-- SUPPLIED INFORMATION follows --

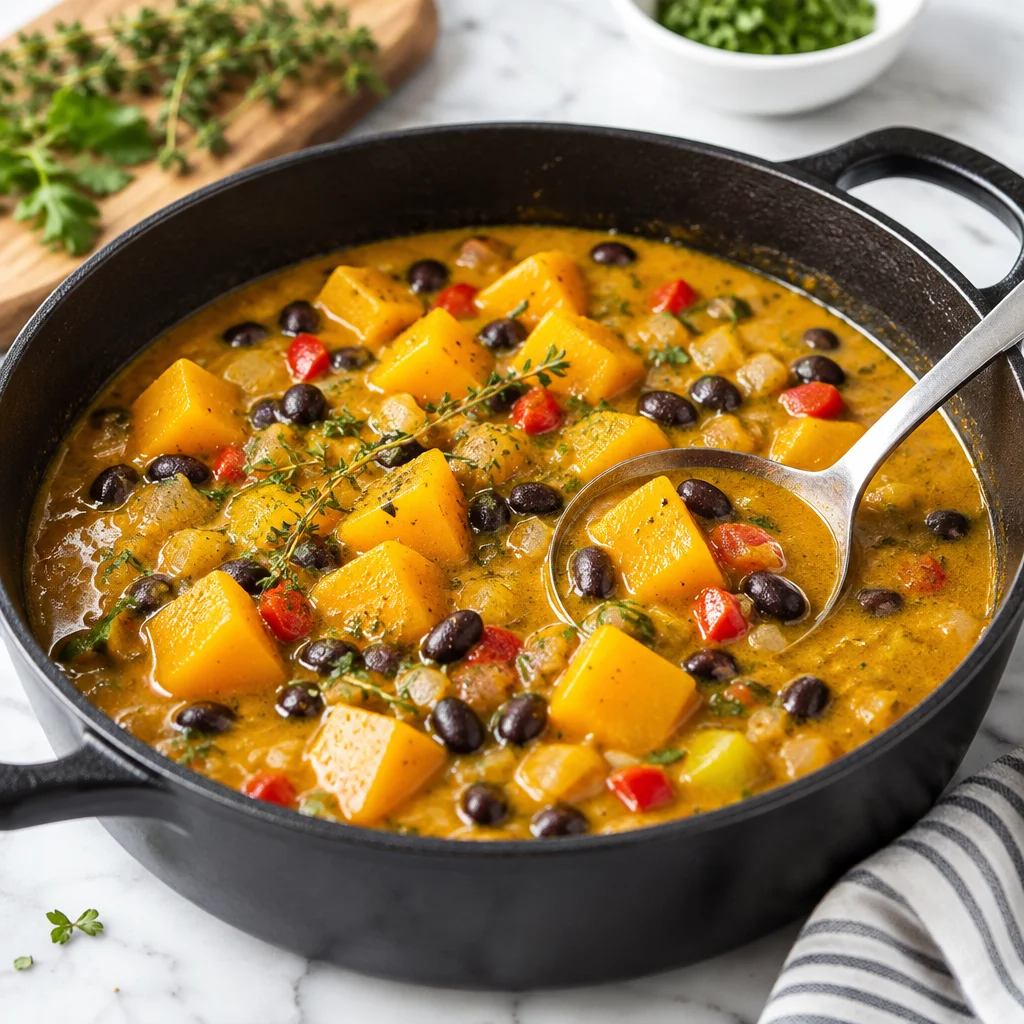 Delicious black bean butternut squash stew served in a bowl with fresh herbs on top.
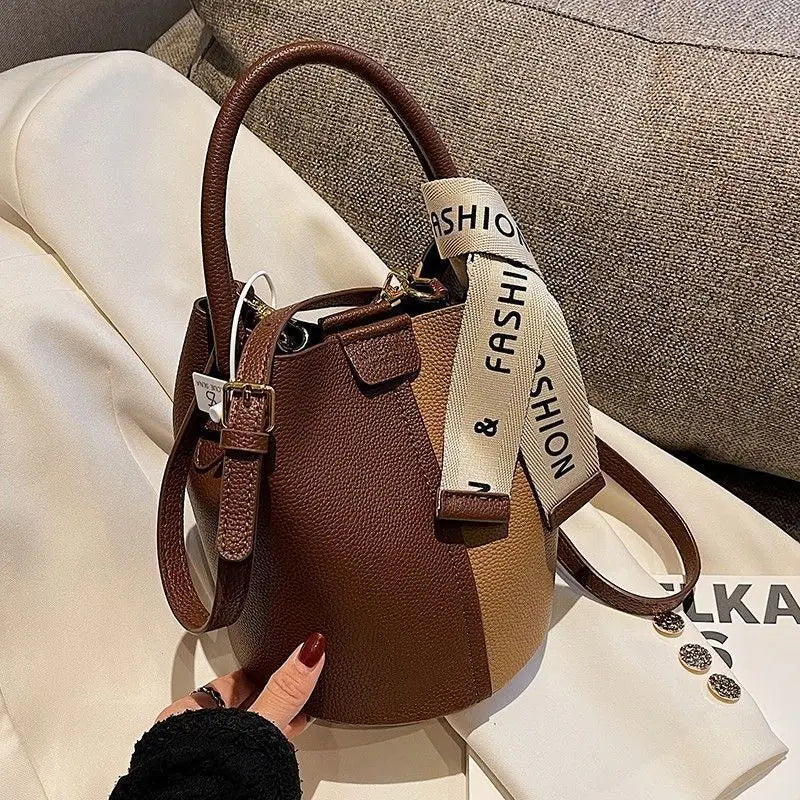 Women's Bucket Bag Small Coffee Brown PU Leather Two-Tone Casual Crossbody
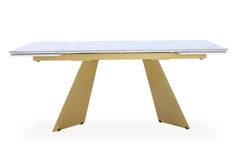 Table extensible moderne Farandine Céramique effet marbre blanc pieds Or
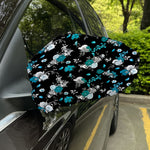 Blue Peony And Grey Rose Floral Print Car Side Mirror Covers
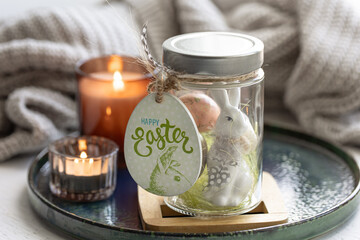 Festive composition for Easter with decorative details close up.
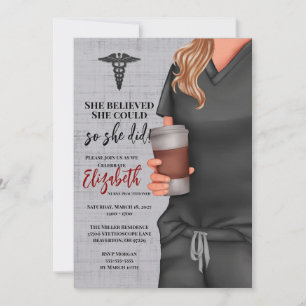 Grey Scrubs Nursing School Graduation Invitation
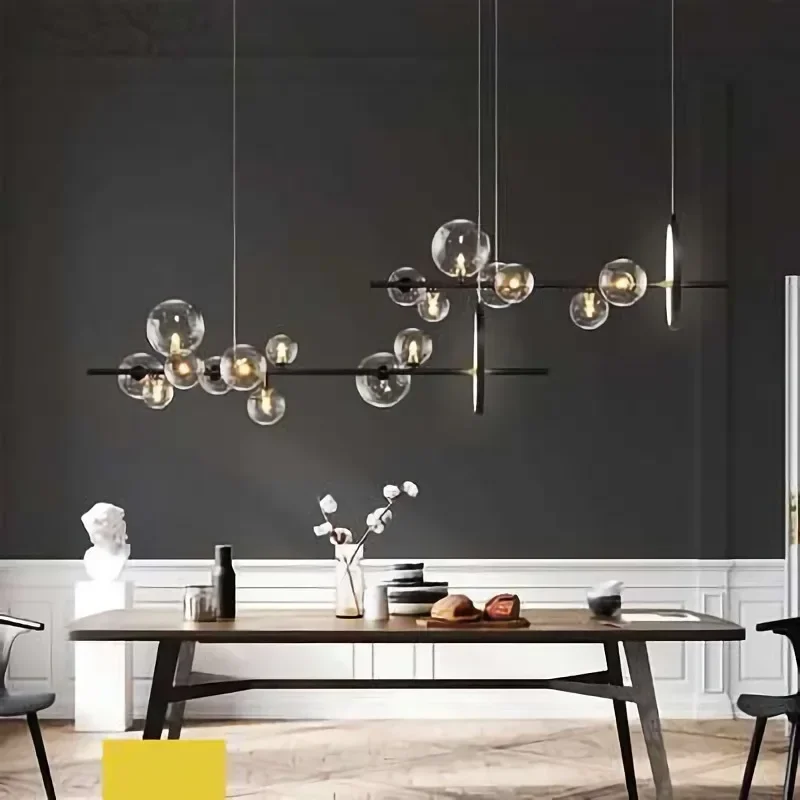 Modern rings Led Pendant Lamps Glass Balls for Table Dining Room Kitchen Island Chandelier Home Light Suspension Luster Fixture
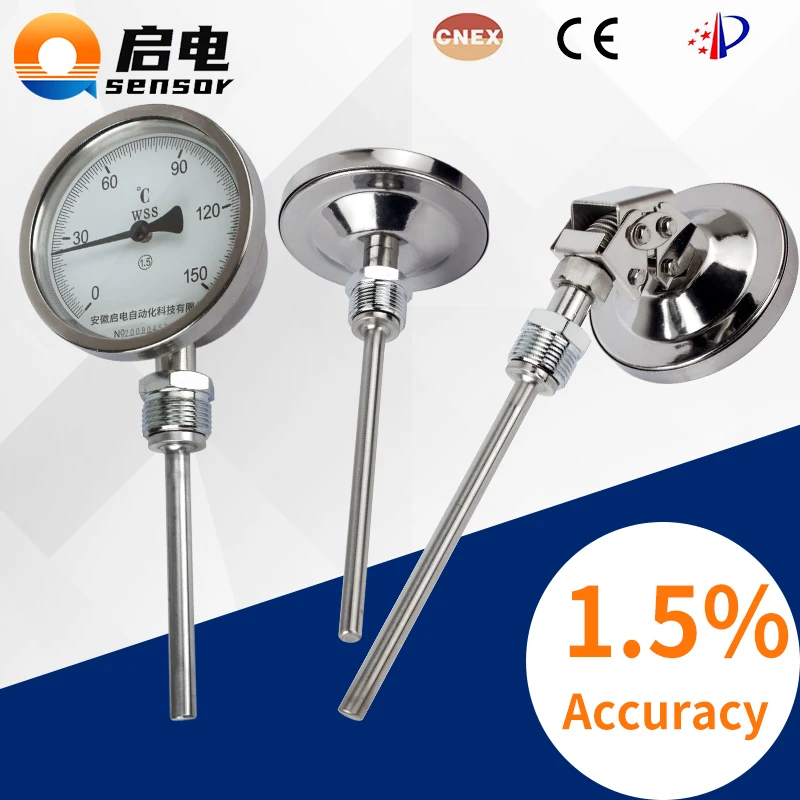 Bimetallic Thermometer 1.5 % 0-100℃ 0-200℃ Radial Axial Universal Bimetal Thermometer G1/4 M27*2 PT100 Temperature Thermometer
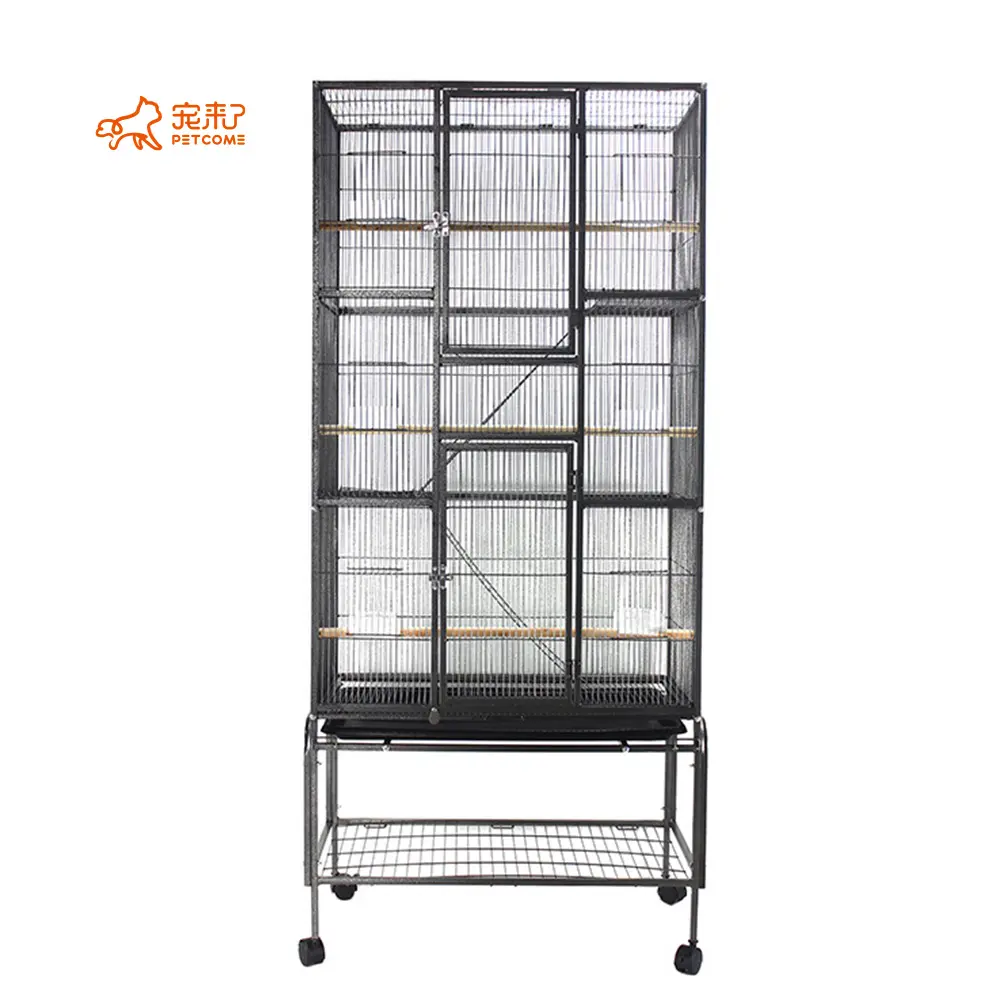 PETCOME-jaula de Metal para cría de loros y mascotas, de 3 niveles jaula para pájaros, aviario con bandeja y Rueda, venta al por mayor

-- SUPPLIED INFORMATION concluded --

REQUIRED ACTION: Print, exactly and without pictures, the lines from the one holding "Blue Peony And" through the last line of the entries above, both included.

RESPONSE BOX:
 Blue Peony And Grey Rose Floral Print Car Side Mirror Covers
 Festive composition for Easter with decorative details close up.
 Grey Scrubs Nursing School Graduation Invitation
 Modern rings Led Pendant Lamps Glass Balls for Table Dining Room Kitchen Island Chandelier Home Light Suspension Luster Fixture
 Bimetallic Thermometer 1.5 % 0-100℃ 0-200℃ Radial Axial Universal Bimetal Thermometer G1/4 M27*2 PT100 Temperature Thermometer
 PETCOME-jaula de Metal para cría de loros y mascotas, de 3 niveles jaula para pájaros, aviario con bandeja y Rueda, venta al por mayor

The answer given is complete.